The lesson at the end of Day 9 was in how we cling to happiness and therefore how this can be just as destructive to our ability to control our mindset as is the focus on the negative. The Vipassana technique talks to being equanimous and as had been the case with each passing day, the teaching and review of what we were learning at the end of each evening was the timely reminder of the experience I was going through. The day previous I was in bliss and had become attached to this feeling, which led me to feeling disappointment in not being able to achieve bliss again in the following day. I’m particularly prone to seeking out positivity, ever the optimist but it became clear to me that this has at times clouded my judgement and led me to feeling more disappointment at points throughout my life.
Khao Lak – Takua Pa District, Thailand 2011kK
The expectation of happy families for one… At two years of age (so I was told) my mother left me, left Australia and went back to Thailand to be with her family, having struggled to make this place her home. I don’t believe my Dad put up much of a fight although he made it clear I wasn’t going with her. For the next 24 years of my life I had no idea where my mother was, other than in Thailand, until one day I got the call – they’d found her. My expectations were high, I was finally going to meet my mother (having no memory of her because I was so young when she left). Optimistic of our future together, with gifts in hand and a presumption in my heart that I wanted to support her financially because it was the right thing to do, I flew to Thailand to meet her and my half brother and sister.
The reality though is that there’s nothing quite as crushing as the level of expectation… I have always believed that because my expectations have been positive, optimistic and therefore have intentions that will provide a ‘brighter future’ that somehow they deserved to come true. That’s not equanimity though is it, in fact it’s a level of expectation I hadn’t really been willing to face before. Who me?? I don’t have expectations – it was as if just because my thoughts were focussed on the positive, on the optimistic point of view, that those thoughts weren’t expectations at all. What’s that saying ‘rose coloured glasses…’
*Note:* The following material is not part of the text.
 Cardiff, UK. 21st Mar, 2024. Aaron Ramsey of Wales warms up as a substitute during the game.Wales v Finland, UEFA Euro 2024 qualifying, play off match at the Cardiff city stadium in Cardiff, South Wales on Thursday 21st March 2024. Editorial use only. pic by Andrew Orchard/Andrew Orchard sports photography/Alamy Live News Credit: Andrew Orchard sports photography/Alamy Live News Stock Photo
Since I was a young child I can’t tell you where I got the philosophy but I was vocal in my belief that both heaven and hell existed not in the after-life but here on earth. We were born (without choice) into one, the other or somewhere in between but what I have since actively sought, is to find out if we have since that birth, the option to be reborn in our own image, defined by our own drive and purpose. That I now believe is true, not because I have my rose coloured glasses on but for the first time I have taken them off and want to see all the world as it is, not just how I want it to be. The difficulty of this choice is that I am not always happy, I am what I perceived as withdrawn, solemn, introspective or some other adjective that describes the opposite of optimistic. Yet the reality though is I’m content, I am an evolutionary woman unfolding and discovering the next stage of life.
Evolution is a process of continuous branching and diversification from common trunks. This pattern of irreversible separation gives life’s history its basic directionality.